Women Build Friendships and Business Skills at Sanctuary Kitchen
Nonprofit helps refugees find community and begin new lives in New Haven.
Every Friday afternoon, customers eagerly line up at Sanctuary Kitchen to pick up dinners that might include Afghan dumplings, Syrian shrimp Biryani, Iraqi chicken, naan bread with hummus and various dips and sweets like baklava and vanilla cake. The international menu comes from the cooks, immigrant women who are recent refugees and asylum seekers. Their delicious food has made Sanctuary Kitchen a weekly take-home dinner destination as well as a popular caterer and vendor at local farmers markets. More importantly, it has given the women opportunities to find community and build an economic foothold in a new country.
“Friendships have blossomed inside the kitchen and out over the sharing of culture and food,” said Carol Byer-Alcorace, Sanctuary Kitchen Culinary Director. “That’s how you cultivate community. That’s how community gets built.”
Sanctuary Kitchen began in 2017 as a program of CitySeed, the New Haven-based nonprofit that runs the city’s farmers markets and a food-business incubator. The commercial kitchen provides living wages while helping participants develop business skills and become entrepreneurs. Since its launch, the program has received several grants from The Community Foundation, including support from the Basic Needs Fund and The Community Fund for Women and Girls Pathways to Economic Success for Women program. CitySeed has also sent participants through The Foundation’s Nonprofit Management Program for Emerging Leaders of Color.
Azhar Ahmed, the head chef and a refugee from The Sudan, has started a side catering business since coming to Sanctuary Kitchen. She is now in the process of planning to open a café.
As important as learning business skills, said Ahmed, is the opportunity to meet and build friendships.
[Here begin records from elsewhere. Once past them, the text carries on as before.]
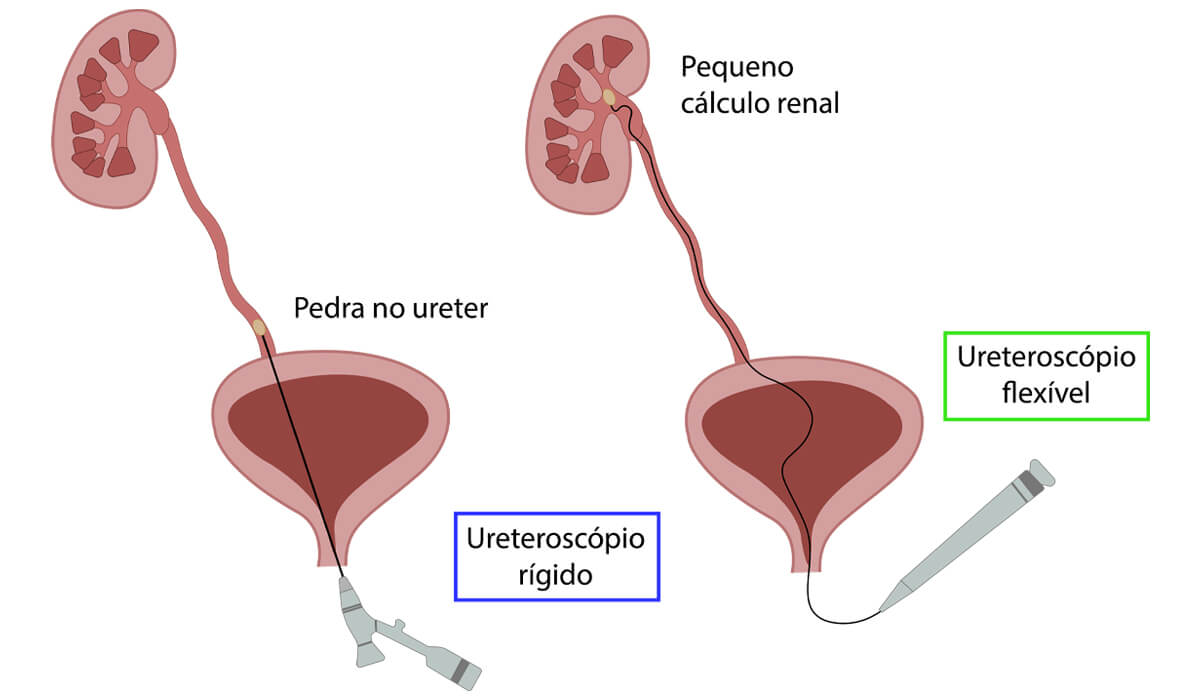 Diferença entre ureteroscopia rígida e flexível
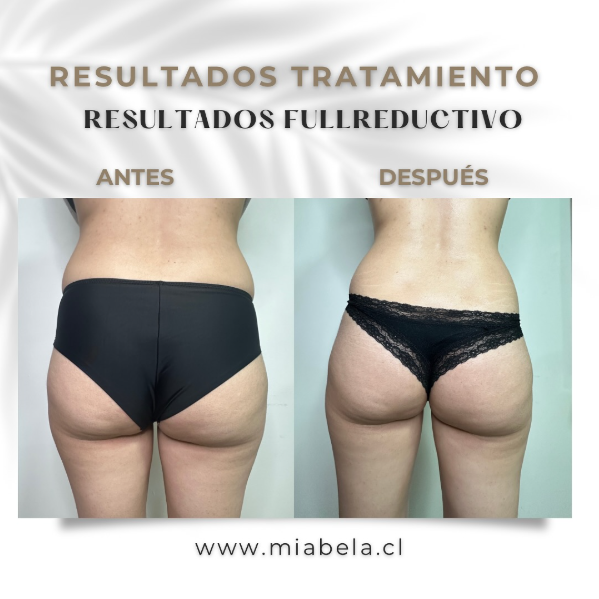 Antes y después tratamiento Full Reductivo — caso 5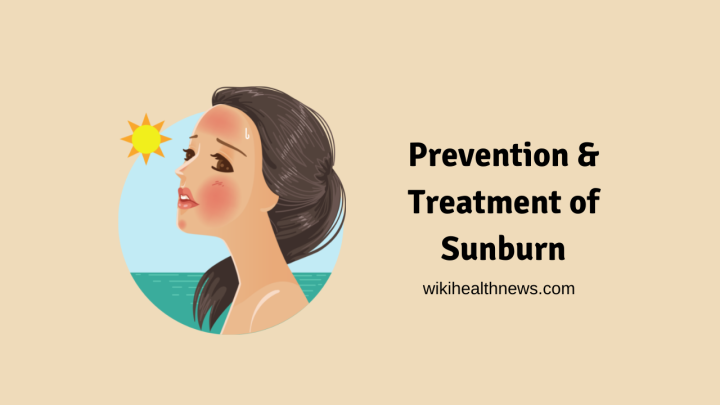 Sunburn Symptoms, Treatment & Prevention - Wiki Health News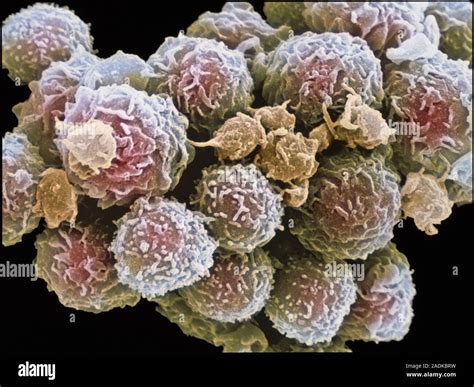 White Blood Cells Platelets Coloured Scanning Electron Micrograph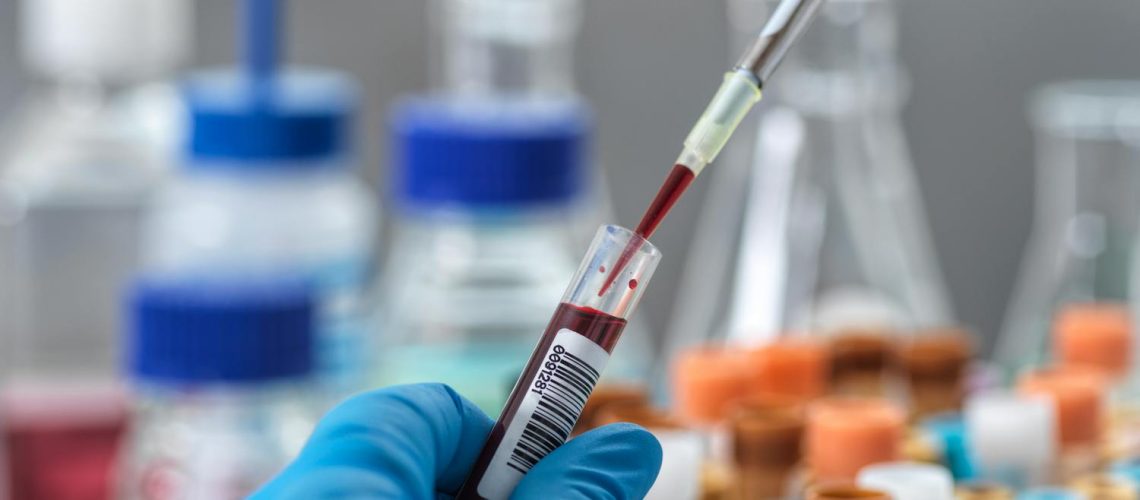 Immunoglobulines G (IgG) : définition, rôle, dosage Immunoglobulines G (IgG) : définition, rôle, dosage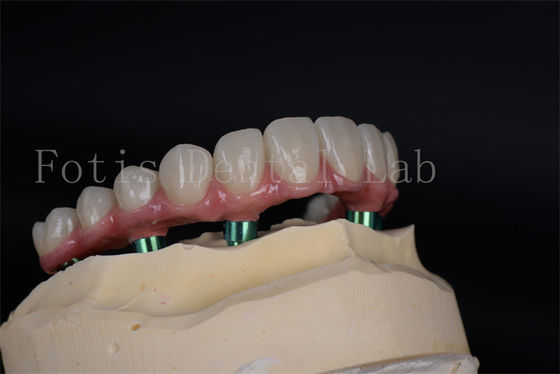 Phương pháp cấy ghép nâng cao phục hồi khả năng nhai đầy đủ cho bệnh nhân có mật độ xương thấp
“We are connecting with each other,” said Ahmed. “We help each other with English. We share our culture. We learn from each other.”
Working through a partnership with the immigrant resettlement agency Iris, the program has steadily expanded, said Byer-Alcorace. They recently opened a stall at the Madison Farmer’s Market that regularly sells out. The women plan the menus collaboratively and typically cook more than 250 meals a week.
True to its name, the kitchen is a second home for the women, a place of security and community.
“I love it because we are all women and all refugees. We share our experiences. I have learned so much about other traditions and cultures,” said Rawa Ghazi, a refugee from Iraq. Ghazi said she would otherwise never have known about the cultures and traditions of all the countries represented a Sanctuary Kitchen - Afghanistan, Sudan, Sudan, Syria, Mauritius, Nigeria and Nepal.
Ghazi said her favorite food is now Afghan.
“They make a dumpling that is amazing. My kids love it!”